**TASK ITEM:**
Return every line of the material exactly.

**INPUT DATA:**

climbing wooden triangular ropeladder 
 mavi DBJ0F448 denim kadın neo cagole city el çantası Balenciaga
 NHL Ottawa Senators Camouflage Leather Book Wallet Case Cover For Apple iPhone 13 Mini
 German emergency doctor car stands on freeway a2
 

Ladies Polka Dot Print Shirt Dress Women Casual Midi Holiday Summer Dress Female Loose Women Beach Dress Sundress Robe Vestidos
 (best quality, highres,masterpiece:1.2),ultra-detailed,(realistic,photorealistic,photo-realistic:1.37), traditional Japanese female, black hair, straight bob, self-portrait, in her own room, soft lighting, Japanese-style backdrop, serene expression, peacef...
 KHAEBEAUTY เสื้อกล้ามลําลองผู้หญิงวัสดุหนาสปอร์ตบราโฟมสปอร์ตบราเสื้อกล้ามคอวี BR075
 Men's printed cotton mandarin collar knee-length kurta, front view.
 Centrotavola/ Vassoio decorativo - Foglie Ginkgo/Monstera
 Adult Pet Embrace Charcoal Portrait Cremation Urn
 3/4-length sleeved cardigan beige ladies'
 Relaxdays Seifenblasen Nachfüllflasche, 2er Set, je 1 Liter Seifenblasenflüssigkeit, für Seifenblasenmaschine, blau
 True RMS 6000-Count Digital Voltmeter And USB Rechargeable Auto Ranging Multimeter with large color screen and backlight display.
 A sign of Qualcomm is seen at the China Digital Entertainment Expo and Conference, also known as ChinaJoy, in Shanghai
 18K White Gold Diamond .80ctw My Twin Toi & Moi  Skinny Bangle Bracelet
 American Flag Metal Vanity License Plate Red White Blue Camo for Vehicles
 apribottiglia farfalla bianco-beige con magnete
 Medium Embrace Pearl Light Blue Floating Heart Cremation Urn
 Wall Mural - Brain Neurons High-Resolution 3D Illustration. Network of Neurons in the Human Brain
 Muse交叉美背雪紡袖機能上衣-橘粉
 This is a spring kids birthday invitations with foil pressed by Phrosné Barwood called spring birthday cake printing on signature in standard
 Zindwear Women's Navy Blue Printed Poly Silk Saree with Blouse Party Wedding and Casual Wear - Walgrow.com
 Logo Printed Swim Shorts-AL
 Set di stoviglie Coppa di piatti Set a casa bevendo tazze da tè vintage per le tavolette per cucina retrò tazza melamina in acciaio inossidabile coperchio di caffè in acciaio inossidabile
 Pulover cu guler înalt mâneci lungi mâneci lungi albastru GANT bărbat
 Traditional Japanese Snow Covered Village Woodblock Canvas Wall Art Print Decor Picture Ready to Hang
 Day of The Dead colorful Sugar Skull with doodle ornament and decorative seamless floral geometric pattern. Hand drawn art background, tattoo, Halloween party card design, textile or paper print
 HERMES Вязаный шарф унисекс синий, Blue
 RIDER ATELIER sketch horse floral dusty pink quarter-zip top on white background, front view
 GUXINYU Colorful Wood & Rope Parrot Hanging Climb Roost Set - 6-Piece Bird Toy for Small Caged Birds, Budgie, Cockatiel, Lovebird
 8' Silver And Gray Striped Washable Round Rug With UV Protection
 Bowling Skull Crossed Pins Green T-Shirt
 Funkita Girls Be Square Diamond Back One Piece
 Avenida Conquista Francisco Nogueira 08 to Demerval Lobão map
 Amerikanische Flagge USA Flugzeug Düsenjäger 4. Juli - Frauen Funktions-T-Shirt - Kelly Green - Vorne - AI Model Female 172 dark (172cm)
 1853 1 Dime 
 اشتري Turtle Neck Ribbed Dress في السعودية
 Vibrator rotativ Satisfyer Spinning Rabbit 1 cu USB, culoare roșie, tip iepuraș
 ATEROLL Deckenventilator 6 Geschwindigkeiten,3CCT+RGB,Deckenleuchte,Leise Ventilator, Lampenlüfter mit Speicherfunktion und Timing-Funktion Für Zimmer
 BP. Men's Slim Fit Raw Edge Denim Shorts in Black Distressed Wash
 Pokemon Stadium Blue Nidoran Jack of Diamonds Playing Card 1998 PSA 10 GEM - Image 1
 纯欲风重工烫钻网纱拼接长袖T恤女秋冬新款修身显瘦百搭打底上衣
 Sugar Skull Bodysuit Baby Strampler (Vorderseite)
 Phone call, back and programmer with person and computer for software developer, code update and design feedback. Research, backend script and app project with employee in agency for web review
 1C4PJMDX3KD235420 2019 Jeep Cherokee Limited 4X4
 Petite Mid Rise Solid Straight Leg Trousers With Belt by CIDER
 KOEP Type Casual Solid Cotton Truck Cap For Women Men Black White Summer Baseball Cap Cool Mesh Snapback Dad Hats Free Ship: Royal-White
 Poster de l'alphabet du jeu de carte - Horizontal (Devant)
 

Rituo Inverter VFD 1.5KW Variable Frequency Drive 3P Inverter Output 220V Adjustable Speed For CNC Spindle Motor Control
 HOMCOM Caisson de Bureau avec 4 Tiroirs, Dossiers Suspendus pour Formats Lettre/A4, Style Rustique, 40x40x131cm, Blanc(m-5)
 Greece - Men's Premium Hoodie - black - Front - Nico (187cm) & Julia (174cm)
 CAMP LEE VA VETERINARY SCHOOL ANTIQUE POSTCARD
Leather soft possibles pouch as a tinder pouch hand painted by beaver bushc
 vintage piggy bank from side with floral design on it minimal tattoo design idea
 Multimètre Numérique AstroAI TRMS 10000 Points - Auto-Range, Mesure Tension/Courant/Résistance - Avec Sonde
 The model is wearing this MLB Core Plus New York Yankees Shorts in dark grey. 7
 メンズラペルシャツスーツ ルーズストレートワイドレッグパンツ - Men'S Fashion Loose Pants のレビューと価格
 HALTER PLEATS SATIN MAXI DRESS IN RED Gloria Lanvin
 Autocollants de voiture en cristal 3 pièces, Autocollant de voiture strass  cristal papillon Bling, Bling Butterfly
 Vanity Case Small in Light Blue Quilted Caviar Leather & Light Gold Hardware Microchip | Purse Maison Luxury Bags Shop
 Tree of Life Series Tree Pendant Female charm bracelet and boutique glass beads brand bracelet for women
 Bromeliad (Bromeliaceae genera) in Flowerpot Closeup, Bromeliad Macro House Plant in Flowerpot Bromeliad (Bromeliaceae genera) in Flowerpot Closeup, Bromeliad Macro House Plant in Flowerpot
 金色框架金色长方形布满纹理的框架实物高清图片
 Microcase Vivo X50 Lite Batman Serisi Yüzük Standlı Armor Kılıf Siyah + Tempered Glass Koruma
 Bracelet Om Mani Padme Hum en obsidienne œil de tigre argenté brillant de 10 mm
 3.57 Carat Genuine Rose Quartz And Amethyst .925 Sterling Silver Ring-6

**OUTPUT FOR THIS TASK:**
climbing wooden triangular ropeladder 
 mavi DBJ0F448 denim kadın neo cagole city el çantası Balenciaga
 NHL Ottawa Senators Camouflage Leather Book Wallet Case Cover For Apple iPhone 13 Mini
 German emergency doctor car stands on freeway a2
 

Ladies Polka Dot Print Shirt Dress Women Casual Midi Holiday Summer Dress Female Loose Women Beach Dress Sundress Robe Vestidos
 (best quality, highres,masterpiece:1.2),ultra-detailed,(realistic,photorealistic,photo-realistic:1.37), traditional Japanese female, black hair, straight bob, self-portrait, in her own room, soft lighting, Japanese-style backdrop, serene expression, peacef...
 KHAEBEAUTY เสื้อกล้ามลําลองผู้หญิงวัสดุหนาสปอร์ตบราโฟมสปอร์ตบราเสื้อกล้ามคอวี BR075
 Men's printed cotton mandarin collar knee-length kurta, front view.
 Centrotavola/ Vassoio decorativo - Foglie Ginkgo/Monstera
 Adult Pet Embrace Charcoal Portrait Cremation Urn
 3/4-length sleeved cardigan beige ladies'
 Relaxdays Seifenblasen Nachfüllflasche, 2er Set, je 1 Liter Seifenblasenflüssigkeit, für Seifenblasenmaschine, blau
 True RMS 6000-Count Digital Voltmeter And USB Rechargeable Auto Ranging Multimeter with large color screen and backlight display.
 A sign of Qualcomm is seen at the China Digital Entertainment Expo and Conference, also known as ChinaJoy, in Shanghai
 18K White Gold Diamond .80ctw My Twin Toi & Moi  Skinny Bangle Bracelet
 American Flag Metal Vanity License Plate Red White Blue Camo for Vehicles
 apribottiglia farfalla bianco-beige con magnete
 Medium Embrace Pearl Light Blue Floating Heart Cremation Urn
 Wall Mural - Brain Neurons High-Resolution 3D Illustration. Network of Neurons in the Human Brain
 Muse交叉美背雪紡袖機能上衣-橘粉
 This is a spring kids birthday invitations with foil pressed by Phrosné Barwood called spring birthday cake printing on signature in standard
 Zindwear Women's Navy Blue Printed Poly Silk Saree with Blouse Party Wedding and Casual Wear - Walgrow.com
 Logo Printed Swim Shorts-AL
 Set di stoviglie Coppa di piatti Set a casa bevendo tazze da tè vintage per le tavolette per cucina retrò tazza melamina in acciaio inossidabile coperchio di caffè in acciaio inossidabile
 Pulover cu guler înalt mâneci lungi mâneci lungi albastru GANT bărbat
 Traditional Japanese Snow Covered Village Woodblock Canvas Wall Art Print Decor Picture Ready to Hang
 Day of The Dead colorful Sugar Skull with doodle ornament and decorative seamless floral geometric pattern. Hand drawn art background, tattoo, Halloween party card design, textile or paper print
 HERMES Вязаный шарф унисекс синий, Blue
 RIDER ATELIER sketch horse floral dusty pink quarter-zip top on white background, front view
 GUXINYU Colorful Wood & Rope Parrot Hanging Climb Roost Set - 6-Piece Bird Toy for Small Caged Birds, Budgie, Cockatiel, Lovebird
 8' Silver And Gray Striped Washable Round Rug With UV Protection
 Bowling Skull Crossed Pins Green T-Shirt
 Funkita Girls Be Square Diamond Back One Piece
 Avenida Conquista Francisco Nogueira 08 to Demerval Lobão map
 Amerikanische Flagge USA Flugzeug Düsenjäger 4. Juli - Frauen Funktions-T-Shirt - Kelly Green - Vorne - AI Model Female 172 dark (172cm)
 1853 1 Dime 
 اشتري Turtle Neck Ribbed Dress في السعودية
 Vibrator rotativ Satisfyer Spinning Rabbit 1 cu USB, culoare roșie, tip iepuraș
 ATEROLL Deckenventilator 6 Geschwindigkeiten,3CCT+RGB,Deckenleuchte,Leise Ventilator, Lampenlüfter mit Speicherfunktion und Timing-Funktion Für Zimmer
 BP. Men's Slim Fit Raw Edge Denim Shorts in Black Distressed Wash
 Pokemon Stadium Blue Nidoran Jack of Diamonds Playing Card 1998 PSA 10 GEM - Image 1
 纯欲风重工烫钻网纱拼接长袖T恤女秋冬新款修身显瘦百搭打底上衣
 Sugar Skull Bodysuit Baby Strampler (Vorderseite)
 Phone call, back and programmer with person and computer for software developer, code update and design feedback. Research, backend script and app project with employee in agency for web review
 1C4PJMDX3KD235420 2019 Jeep Cherokee Limited 4X4
 Petite Mid Rise Solid Straight Leg Trousers With Belt by CIDER
 KOEP Type Casual Solid Cotton Truck Cap For Women Men Black White Summer Baseball Cap Cool Mesh Snapback Dad Hats Free Ship: Royal-White
 Poster de l'alphabet du jeu de carte - Horizontal (Devant)
 

Rituo Inverter VFD 1.5KW Variable Frequency Drive 3P Inverter Output 220V Adjustable Speed For CNC Spindle Motor Control
 HOMCOM Caisson de Bureau avec 4 Tiroirs, Dossiers Suspendus pour Formats Lettre/A4, Style Rustique, 40x40x131cm, Blanc(m-5)
 Greece - Men's Premium Hoodie - black - Front - Nico (187cm) & Julia (174cm)
 CAMP LEE VA VETERINARY SCHOOL ANTIQUE POSTCARD
Leather soft possibles pouch as a tinder pouch hand painted by beaver bushc
 vintage piggy bank from side with floral design on it minimal tattoo design idea
 Multimètre Numérique AstroAI TRMS 10000 Points - Auto-Range, Mesure Tension/Courant/Résistance - Avec Sonde
 The model is wearing this MLB Core Plus New York Yankees Shorts in dark grey. 7
 メンズラペルシャツスーツ ルーズストレートワイドレッグパンツ - Men'S Fashion Loose Pants のレビューと価格
 HALTER PLEATS SATIN MAXI DRESS IN RED Gloria Lanvin
 Autocollants de voiture en cristal 3 pièces, Autocollant de voiture strass  cristal papillon Bling, Bling Butterfly
 Vanity Case Small in Light Blue Quilted Caviar Leather & Light Gold Hardware Microchip | Purse Maison Luxury Bags Shop
 Tree of Life Series Tree Pendant Female charm bracelet and boutique glass beads brand bracelet for women
 Bromeliad (Bromeliaceae genera) in Flowerpot Closeup, Bromeliad Macro House Plant in Flowerpot Bromeliad (Bromeliaceae genera) in Flowerpot Closeup, Bromeliad Macro House Plant in Flowerpot
 金色框架金色长方形布满纹理的框架实物高清图片
 Microcase Vivo X50 Lite Batman Serisi Yüzük Standlı Armor Kılıf Siyah + Tempered Glass Koruma
 Bracelet Om Mani Padme Hum en obsidienne œil de tigre argenté brillant de 10 mm
 3.57 Carat Genuine Rose Quartz And Amethyst .925 Sterling Silver Ring-6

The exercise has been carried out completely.